==== Extracted records
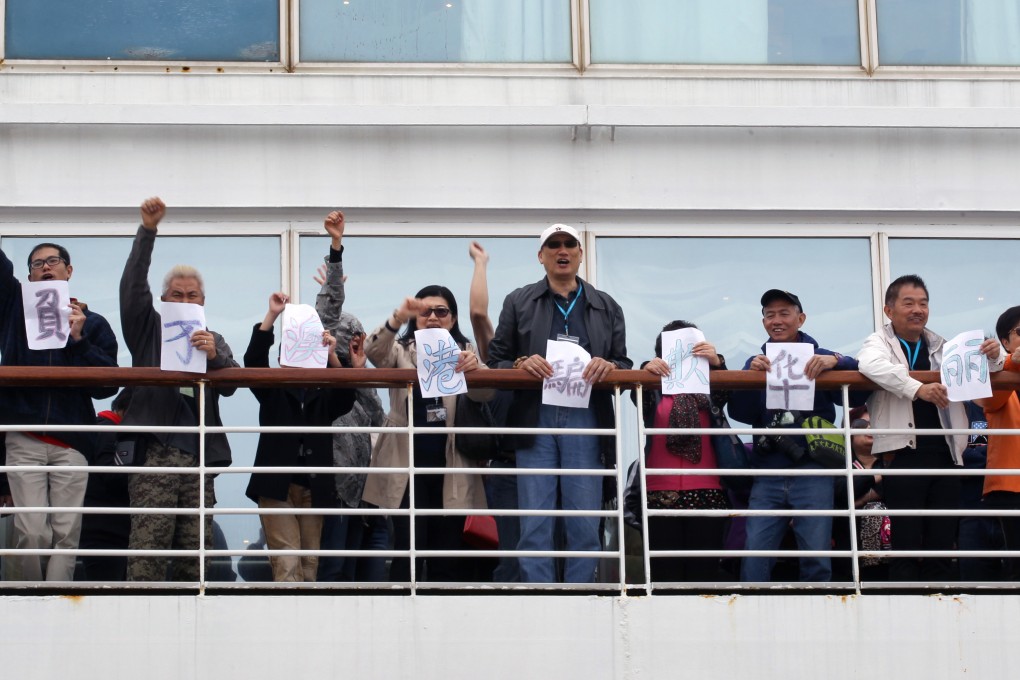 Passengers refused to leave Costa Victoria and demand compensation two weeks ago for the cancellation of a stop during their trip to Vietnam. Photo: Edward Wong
========
==== Extracted records
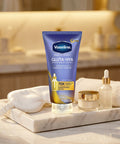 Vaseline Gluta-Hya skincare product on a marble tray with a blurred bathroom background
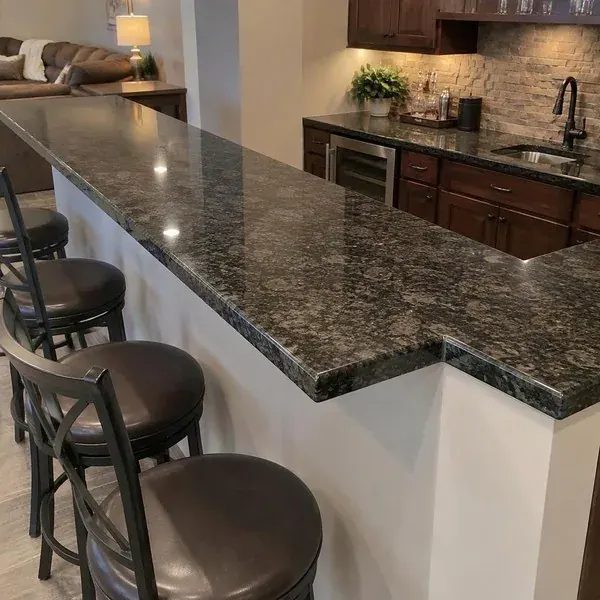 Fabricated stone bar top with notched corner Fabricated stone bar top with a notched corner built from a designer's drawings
========
Looking at the listing above, which lines run from the one containing "Vaseline Gluta-Hya skincare" through the one containing "Fabricated stone bar top with notched"? Print exactly those, ends included, pictures excluded.

### Exercise result
 Vaseline Gluta-Hya skincare product on a marble tray with a blurred bathroom background
 Fabricated stone bar top with notched corner Fabricated stone bar top with a notched corner built from a designer's drawings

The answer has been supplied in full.